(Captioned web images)
■ ■ ■ ■
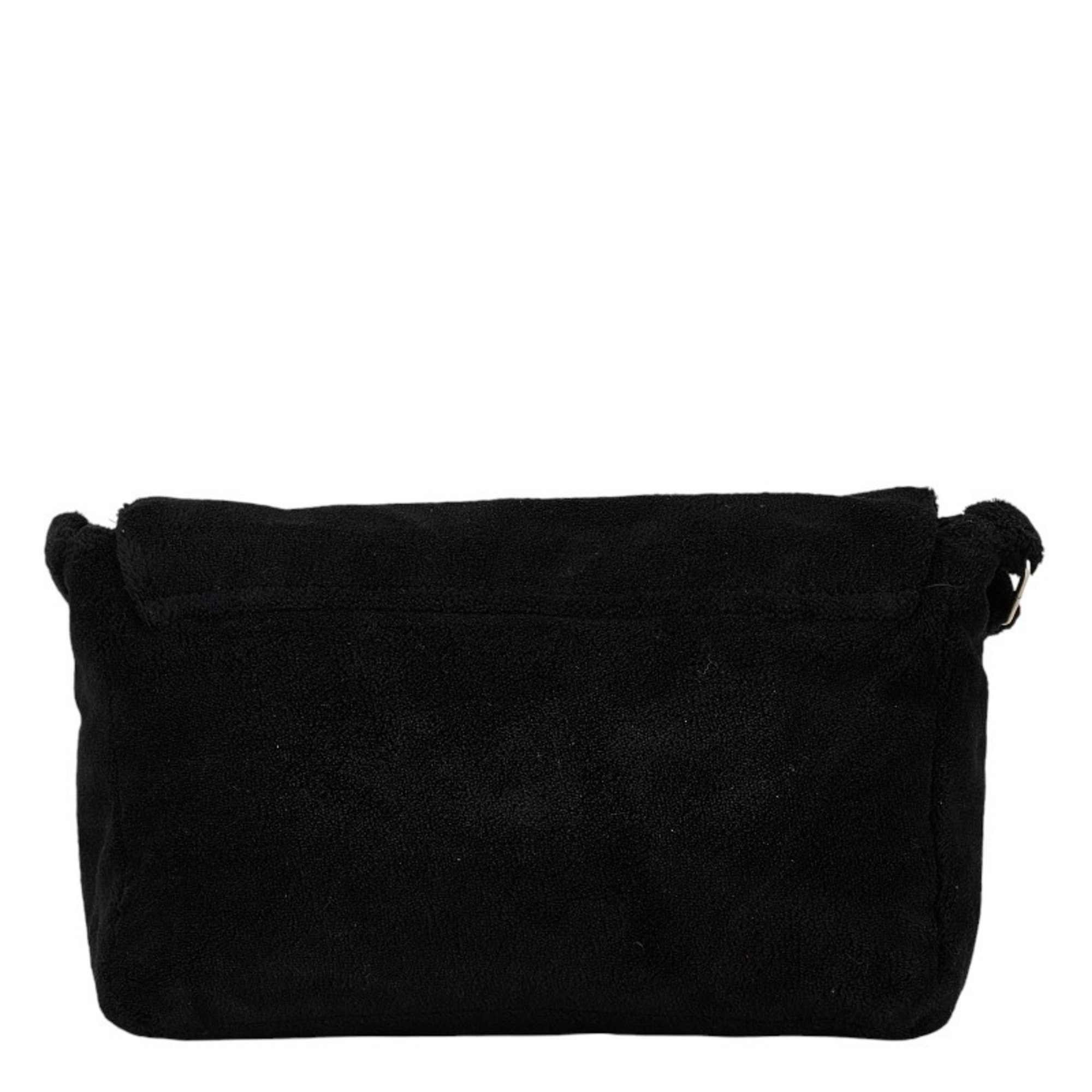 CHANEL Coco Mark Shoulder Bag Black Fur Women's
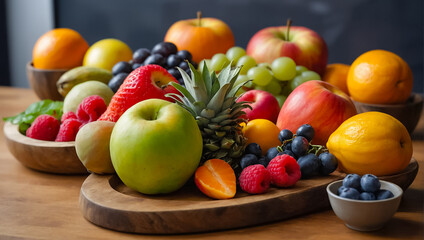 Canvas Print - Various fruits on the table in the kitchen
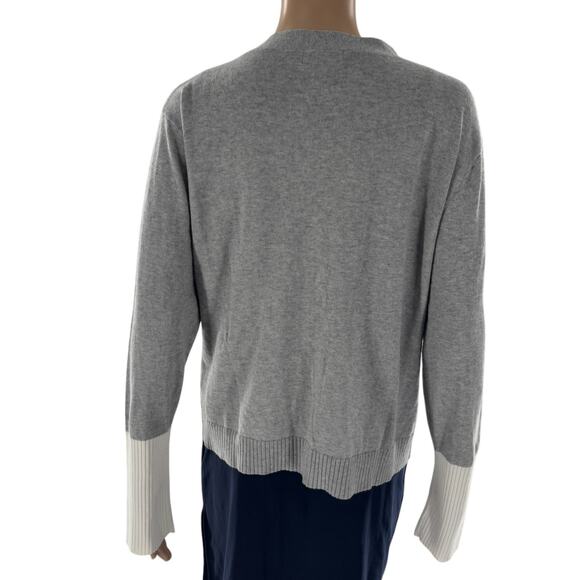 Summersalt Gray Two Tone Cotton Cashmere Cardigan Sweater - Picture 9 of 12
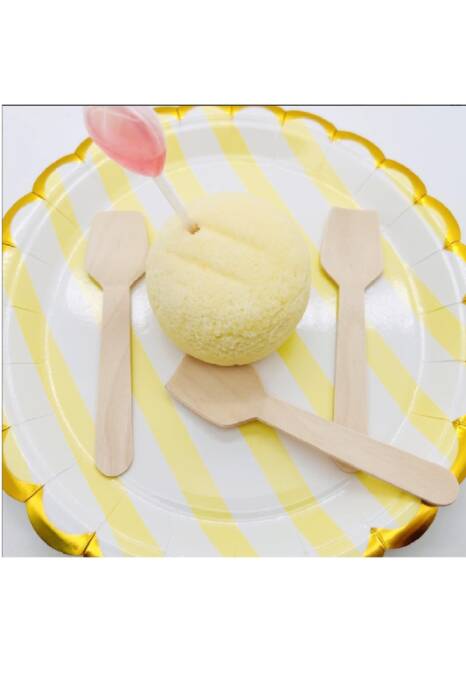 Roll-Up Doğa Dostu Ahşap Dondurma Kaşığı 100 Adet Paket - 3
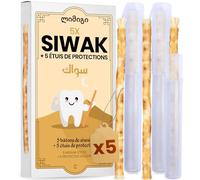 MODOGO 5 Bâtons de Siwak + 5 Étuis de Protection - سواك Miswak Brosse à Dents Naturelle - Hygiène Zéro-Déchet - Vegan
■ ■ ■ ■
#### [TASK ITEM]
The lines to reproduce run from the line containing "Summersalt Gray Two" through the last line of the records above, both included. Copy them exactly and drop the pictures.

#### [WORKED SOLUTION]
 Summersalt Gray Two Tone Cotton Cashmere Cardigan Sweater - Picture 9 of 12
 Roll-Up Doğa Dostu Ahşap Dondurma Kaşığı 100 Adet Paket - 3
 MODOGO 5 Bâtons de Siwak + 5 Étuis de Protection - سواك Miswak Brosse à Dents Naturelle - Hygiène Zéro-Déchet - Vegan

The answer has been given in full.